We’re using a sub/pub in a place where it can not be replaced by a Method. Reactivity is much needed, actually the core of this part of our platform. When people connect they sub to a very simple publication:
As you can see, no index issue, we’re just getting one document from the collection and need to keep in sync with it. Number of users can be from a few to hundreds but it seems it doesn’t matter as problems already appear with only 1 user.
We have a flow such as:
user submit an answer
when all user submitted their answer a team answer is automatically submitted (using cluster from nschwarz:cluster to manage this)
user get updated Session information to move on.

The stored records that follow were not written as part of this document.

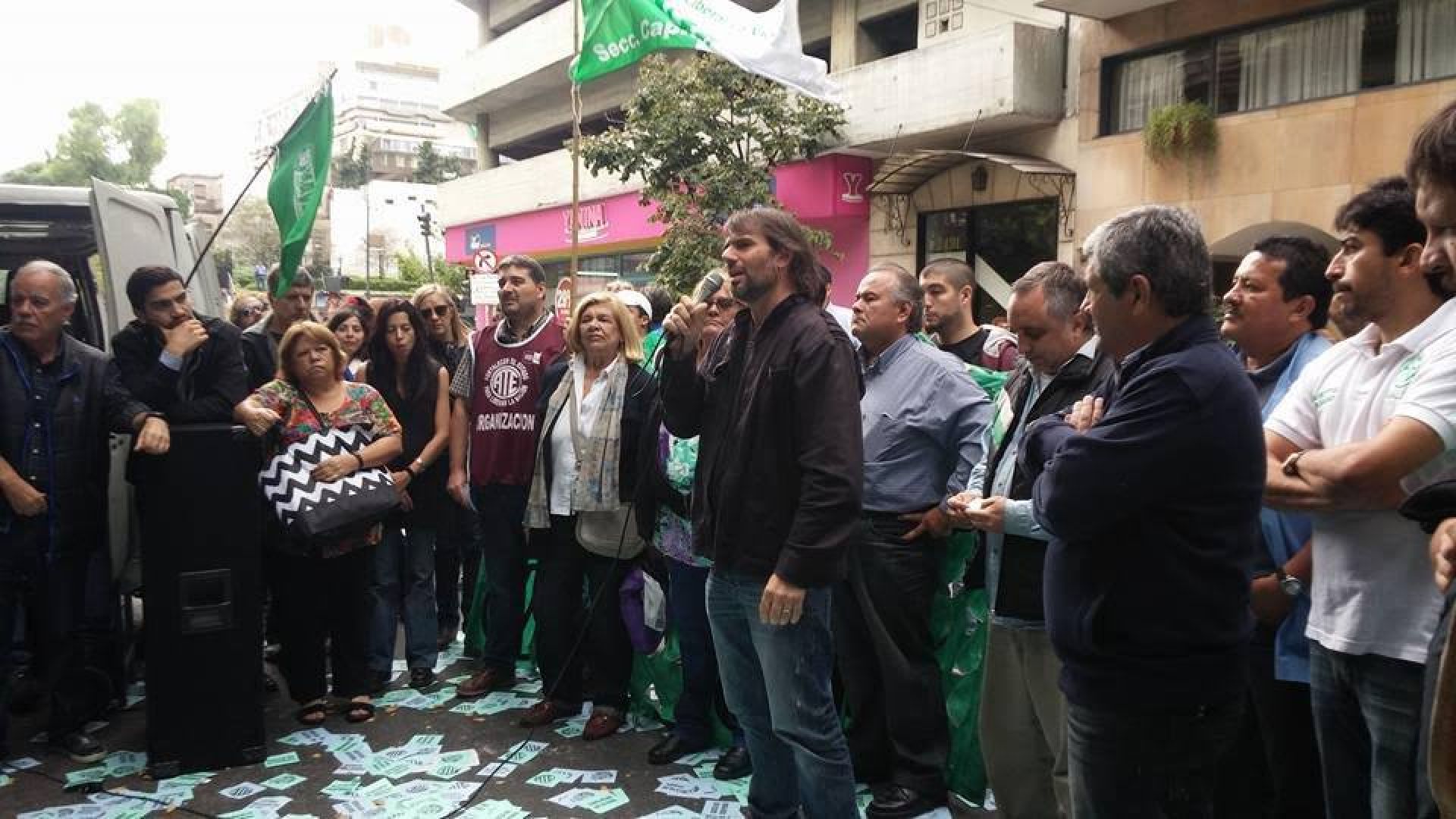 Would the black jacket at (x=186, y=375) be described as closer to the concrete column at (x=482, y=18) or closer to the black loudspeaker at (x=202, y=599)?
the black loudspeaker at (x=202, y=599)

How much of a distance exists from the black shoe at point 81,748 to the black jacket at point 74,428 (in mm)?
826

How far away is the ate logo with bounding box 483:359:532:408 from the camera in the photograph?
16.9 feet

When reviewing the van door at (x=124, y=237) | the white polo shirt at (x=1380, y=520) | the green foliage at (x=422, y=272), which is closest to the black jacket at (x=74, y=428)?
the van door at (x=124, y=237)

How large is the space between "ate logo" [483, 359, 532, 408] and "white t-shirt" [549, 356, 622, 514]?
1.31ft

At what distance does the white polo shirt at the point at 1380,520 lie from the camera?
82.9 inches

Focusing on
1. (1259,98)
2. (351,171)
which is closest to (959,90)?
(1259,98)

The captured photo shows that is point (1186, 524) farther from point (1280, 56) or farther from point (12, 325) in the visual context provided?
point (1280, 56)

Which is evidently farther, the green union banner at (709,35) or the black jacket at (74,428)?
the green union banner at (709,35)

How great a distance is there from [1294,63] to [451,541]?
10.8 metres

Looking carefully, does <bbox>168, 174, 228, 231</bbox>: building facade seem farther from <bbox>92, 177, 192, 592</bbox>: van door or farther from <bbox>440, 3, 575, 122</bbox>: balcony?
<bbox>92, 177, 192, 592</bbox>: van door

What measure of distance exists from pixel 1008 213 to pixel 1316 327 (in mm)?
12186

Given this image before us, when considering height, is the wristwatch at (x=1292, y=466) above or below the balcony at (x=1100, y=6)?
below

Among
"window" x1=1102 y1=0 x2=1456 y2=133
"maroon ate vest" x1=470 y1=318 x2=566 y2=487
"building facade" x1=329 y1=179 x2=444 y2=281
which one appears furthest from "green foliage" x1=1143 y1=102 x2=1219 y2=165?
"building facade" x1=329 y1=179 x2=444 y2=281

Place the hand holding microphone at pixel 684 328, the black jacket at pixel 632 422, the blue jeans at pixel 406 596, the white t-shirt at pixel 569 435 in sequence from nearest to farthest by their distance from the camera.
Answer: the hand holding microphone at pixel 684 328 → the black jacket at pixel 632 422 → the white t-shirt at pixel 569 435 → the blue jeans at pixel 406 596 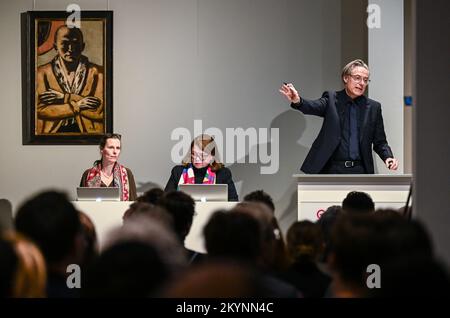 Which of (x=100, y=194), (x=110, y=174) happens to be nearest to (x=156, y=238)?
(x=100, y=194)

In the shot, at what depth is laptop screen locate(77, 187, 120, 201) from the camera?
6.24 meters

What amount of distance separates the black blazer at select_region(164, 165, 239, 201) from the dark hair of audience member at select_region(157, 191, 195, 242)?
338cm

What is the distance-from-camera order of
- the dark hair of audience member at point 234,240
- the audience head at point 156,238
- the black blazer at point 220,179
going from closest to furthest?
the audience head at point 156,238, the dark hair of audience member at point 234,240, the black blazer at point 220,179

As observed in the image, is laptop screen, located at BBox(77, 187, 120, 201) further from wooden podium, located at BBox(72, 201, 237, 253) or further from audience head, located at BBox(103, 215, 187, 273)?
audience head, located at BBox(103, 215, 187, 273)

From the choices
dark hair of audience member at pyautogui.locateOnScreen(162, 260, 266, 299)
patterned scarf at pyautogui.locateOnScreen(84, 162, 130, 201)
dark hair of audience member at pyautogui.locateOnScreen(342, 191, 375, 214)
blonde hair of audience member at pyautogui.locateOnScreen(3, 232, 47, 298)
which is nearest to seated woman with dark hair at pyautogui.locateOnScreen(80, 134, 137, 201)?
patterned scarf at pyautogui.locateOnScreen(84, 162, 130, 201)

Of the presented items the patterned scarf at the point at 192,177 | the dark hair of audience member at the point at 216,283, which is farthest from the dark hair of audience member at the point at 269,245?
the patterned scarf at the point at 192,177

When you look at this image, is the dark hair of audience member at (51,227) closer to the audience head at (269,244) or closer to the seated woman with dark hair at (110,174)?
the audience head at (269,244)

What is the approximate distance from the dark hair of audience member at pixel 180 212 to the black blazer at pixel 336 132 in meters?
3.11

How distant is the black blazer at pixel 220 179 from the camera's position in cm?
737

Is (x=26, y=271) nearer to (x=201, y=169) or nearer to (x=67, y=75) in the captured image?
(x=201, y=169)

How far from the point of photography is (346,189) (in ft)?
20.7

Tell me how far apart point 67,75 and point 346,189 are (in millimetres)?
3392

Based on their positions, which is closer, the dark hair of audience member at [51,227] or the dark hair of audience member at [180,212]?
the dark hair of audience member at [51,227]

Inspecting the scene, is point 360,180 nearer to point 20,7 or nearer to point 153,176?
point 153,176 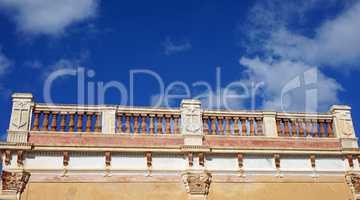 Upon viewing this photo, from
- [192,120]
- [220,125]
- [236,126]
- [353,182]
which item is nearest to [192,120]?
[192,120]

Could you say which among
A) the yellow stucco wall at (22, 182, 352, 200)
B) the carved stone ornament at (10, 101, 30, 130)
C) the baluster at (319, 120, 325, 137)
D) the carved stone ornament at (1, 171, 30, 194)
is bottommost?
the yellow stucco wall at (22, 182, 352, 200)

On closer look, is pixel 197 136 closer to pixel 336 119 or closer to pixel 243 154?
pixel 243 154

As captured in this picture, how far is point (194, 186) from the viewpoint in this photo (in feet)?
48.2

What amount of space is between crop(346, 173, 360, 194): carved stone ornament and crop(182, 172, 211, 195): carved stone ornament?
499cm

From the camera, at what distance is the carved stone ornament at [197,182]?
48.1ft

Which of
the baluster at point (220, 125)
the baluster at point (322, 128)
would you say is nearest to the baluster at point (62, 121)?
the baluster at point (220, 125)

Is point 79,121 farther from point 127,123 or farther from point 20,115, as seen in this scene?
point 20,115

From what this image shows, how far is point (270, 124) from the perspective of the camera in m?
16.2

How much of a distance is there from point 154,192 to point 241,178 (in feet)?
9.77

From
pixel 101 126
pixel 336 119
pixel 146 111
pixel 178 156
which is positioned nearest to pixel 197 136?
pixel 178 156

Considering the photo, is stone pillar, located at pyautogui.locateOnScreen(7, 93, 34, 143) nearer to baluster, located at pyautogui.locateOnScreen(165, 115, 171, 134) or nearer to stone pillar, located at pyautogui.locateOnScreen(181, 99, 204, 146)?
baluster, located at pyautogui.locateOnScreen(165, 115, 171, 134)

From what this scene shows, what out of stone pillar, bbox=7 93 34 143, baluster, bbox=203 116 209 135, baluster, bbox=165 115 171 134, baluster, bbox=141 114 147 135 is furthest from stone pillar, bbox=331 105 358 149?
stone pillar, bbox=7 93 34 143

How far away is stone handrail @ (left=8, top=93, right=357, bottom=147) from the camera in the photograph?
48.6 ft

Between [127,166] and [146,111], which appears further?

I set up plenty of timestamp in order to have an idea what could have been the reason for slow performance but it seems that the pub reactivity (detected thanks to observe changes) is the culprit but I don’t know why.
let’s say user A submit his answer at t=0 and he is the last one of his team
submitting team answer was triggerred at t=20/270ms thanks to a running job permanently (every 250ms) checking the situation of a team
The function that modifies the db is finished after t=150/400ms
the observer is triggered at t=5000ms !!
changes are on client side at t=5500ms
I can not explain why the observers takes so much time to be triggered. Also it’s very random, sometimes it’s almost instant but, too many times, it takes this much time.
Is it possible that this is a db issue? Is that job running every 250ms querying the db?
We are using redis-oplog so I am more familiar with it and you can fine tune the reactivity during updates.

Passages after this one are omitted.